The party is over now, of course, with Bendis and Maleev paving way for Brubaker and Lark, which still leaves their final arc, “The Murdock Papers”, uncollected in the oversized HC format. Given the similarity between the two creative teams, and Brubaker & Lark’s experience on GOTHAM CENTRAL, I expect the transition to be smooth and the title to continue to produce the goods in the future, if not ever again to prove to be quite so groundbreaking. It would require another major retooling to do that, yet such a move would be unnecessary and almost certainly doomed to failure. It was clear to see that Bendis was running out of steam in this latest collection. Although the stories are good, they never quite arrest your attention in the way that Murdock’s outing, marriage or near-breakdown did – and for good reason. Those sorts of stories cannot be told constantly without diminishing the emotional return, so the aftermath, whilst perhaps a bit too indulgent for some readers, is actually of equal importance. Although I tend to avoid reading reviews or spoilers of titles that I trade-wait on, it does prove quite difficult to do that whilst waiting even longer for the oversized HC and writing for a comic book website, so the generally negative response to “Golden Age” and “Decalogue” became quite evident. These are certainly the sort of stories that you should be reading in one sitting rather than in monthly installments. However, if you haven’t figured that out about Bendis stories by now then there is no hope for you.

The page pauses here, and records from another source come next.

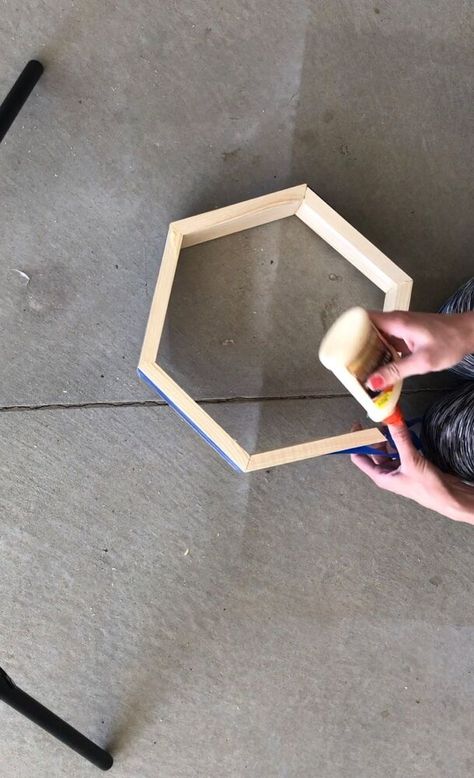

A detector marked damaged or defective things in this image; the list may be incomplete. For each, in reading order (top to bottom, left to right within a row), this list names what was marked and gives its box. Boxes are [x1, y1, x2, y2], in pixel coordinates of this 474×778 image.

crack in concrete [0, 386, 452, 412]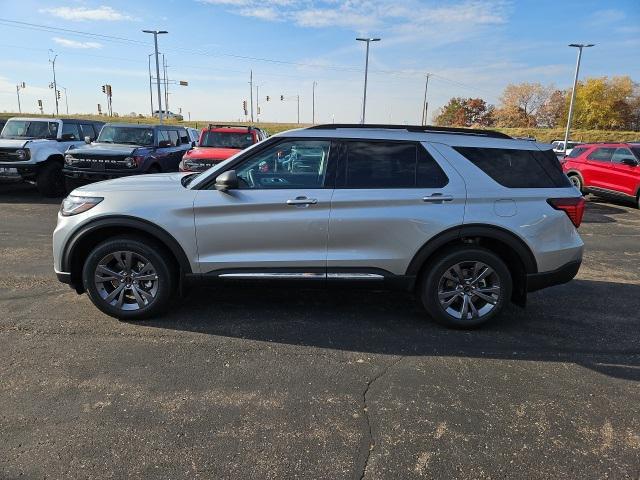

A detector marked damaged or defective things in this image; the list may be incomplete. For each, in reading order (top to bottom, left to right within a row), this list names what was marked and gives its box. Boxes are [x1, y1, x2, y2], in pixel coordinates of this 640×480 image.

crack in pavement [356, 356, 404, 480]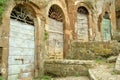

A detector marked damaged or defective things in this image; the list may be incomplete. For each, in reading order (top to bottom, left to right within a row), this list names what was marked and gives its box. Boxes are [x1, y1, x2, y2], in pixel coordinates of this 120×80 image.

old rusty door [7, 19, 34, 79]
old rusty door [47, 18, 63, 59]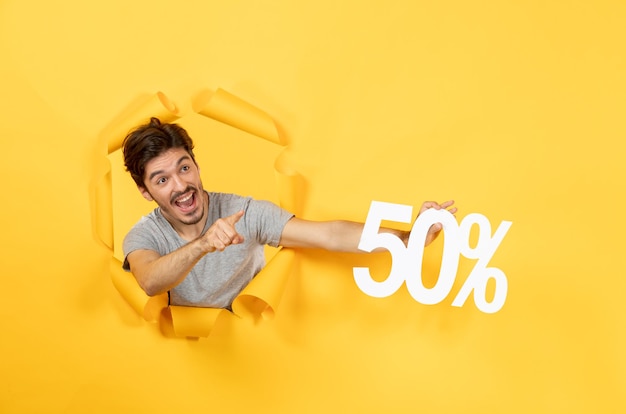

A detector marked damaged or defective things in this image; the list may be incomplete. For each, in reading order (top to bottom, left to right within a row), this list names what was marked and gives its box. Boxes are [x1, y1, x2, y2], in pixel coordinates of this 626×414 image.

torn yellow paper [191, 88, 286, 146]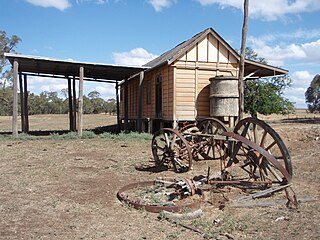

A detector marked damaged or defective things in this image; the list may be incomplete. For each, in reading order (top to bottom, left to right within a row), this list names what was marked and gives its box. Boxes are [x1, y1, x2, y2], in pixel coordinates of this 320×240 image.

rusty water tank [209, 76, 239, 116]
rusty farm machinery [117, 117, 298, 213]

I am happy to report that, read in this format and with an appreciation for Bendis/Maleev body of work as a whole, these stories are worth your time. They aren’t perfect. The pay-off to “Decalogue” is rather pathetic, especially since Murdock actually states in the story that closure is important for Daredevil’s clients (for lack of a better term). The same can be said of “Golden Age”, though the unique framing device and varied art styles help to make that a stronger piece than it otherwise would have been. The trademark Bendis dialogue is a winner though, and far more at home here than it is in something like HOUSE OF M, and succeeds in making characters like Bont, the new White Tiger and the individuals in the church support group shine in the limited space afforded to them. Maleev also has a very distinctive style, one that is consistently appropriate to these pages. The page of Bont visiting his wife’s grave in issue #66 has no words but speaks volumes due to Maleev’s skill, and is actually the most emotional part of the entire book.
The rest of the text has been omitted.